# Your instructions
Lines from the one containing "this 389×280 image." through the last line of the data are to be returned exactly, both ends included, minus any pictures.

# Provided data
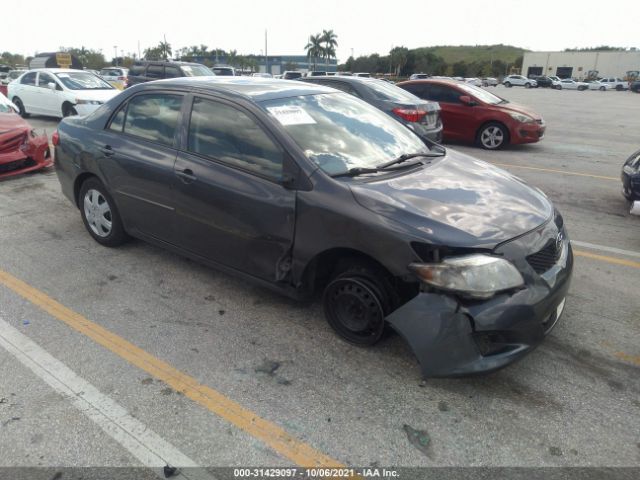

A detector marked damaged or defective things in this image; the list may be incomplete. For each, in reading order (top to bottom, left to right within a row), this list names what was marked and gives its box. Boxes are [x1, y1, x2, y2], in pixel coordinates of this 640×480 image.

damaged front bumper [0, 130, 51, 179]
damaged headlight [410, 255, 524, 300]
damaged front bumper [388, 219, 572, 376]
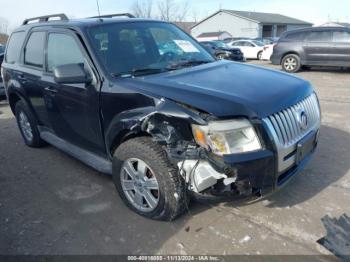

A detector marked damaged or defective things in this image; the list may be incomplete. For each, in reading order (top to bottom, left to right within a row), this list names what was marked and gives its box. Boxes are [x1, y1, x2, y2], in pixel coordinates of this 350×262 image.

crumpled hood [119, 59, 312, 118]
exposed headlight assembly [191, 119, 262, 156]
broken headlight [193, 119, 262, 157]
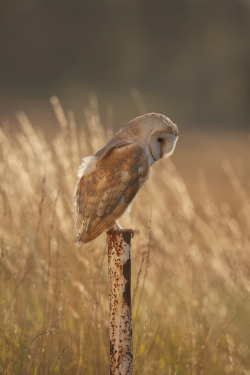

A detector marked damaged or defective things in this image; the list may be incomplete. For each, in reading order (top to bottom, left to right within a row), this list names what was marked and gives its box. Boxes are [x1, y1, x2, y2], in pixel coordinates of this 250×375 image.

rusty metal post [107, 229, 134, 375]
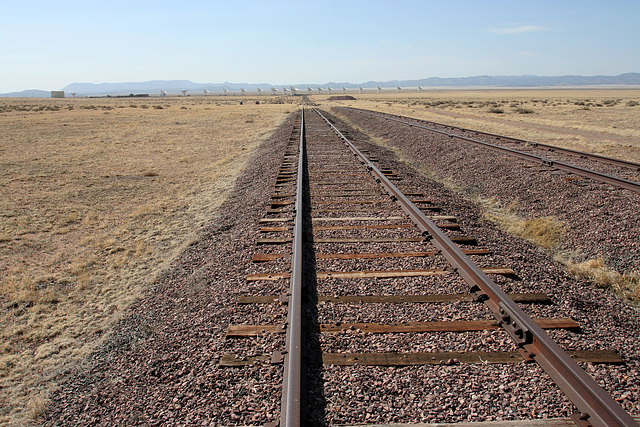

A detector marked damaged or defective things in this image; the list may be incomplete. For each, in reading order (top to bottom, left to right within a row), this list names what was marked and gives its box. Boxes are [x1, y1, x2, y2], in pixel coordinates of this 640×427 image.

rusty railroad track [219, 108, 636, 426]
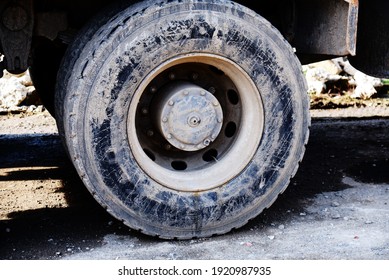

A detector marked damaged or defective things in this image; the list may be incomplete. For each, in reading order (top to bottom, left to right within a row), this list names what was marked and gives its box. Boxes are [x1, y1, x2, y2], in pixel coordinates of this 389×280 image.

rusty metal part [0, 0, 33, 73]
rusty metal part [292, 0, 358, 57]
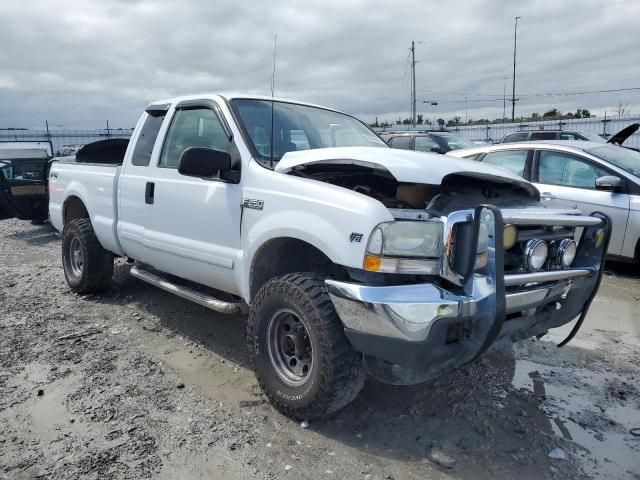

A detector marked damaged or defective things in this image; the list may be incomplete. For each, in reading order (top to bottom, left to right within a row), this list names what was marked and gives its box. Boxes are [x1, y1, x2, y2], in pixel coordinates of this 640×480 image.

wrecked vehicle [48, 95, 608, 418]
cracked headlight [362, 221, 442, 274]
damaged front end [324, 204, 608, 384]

# Response box
A detector marked damaged or defective things in this image; the list may be incomplete. For each, in reading order (top to bottom, left to right within a row), this list names what was marked and gives its box. Boxes are [x1, y1, x2, y2], in pixel coordinates of this 389×280 image.

rusty metal part [0, 0, 33, 73]
rusty metal part [292, 0, 358, 57]

A detector marked damaged or defective things in this image; the list may be incomplete. For each, in reading order (top to bottom, left to right within a row), this list names what was marked and gives its box. Boxes are [x1, y1, x2, y2], in pixel coordinates of this 640×480 image.

wrecked vehicle [48, 95, 608, 418]
cracked headlight [362, 221, 442, 274]
damaged front end [324, 204, 608, 384]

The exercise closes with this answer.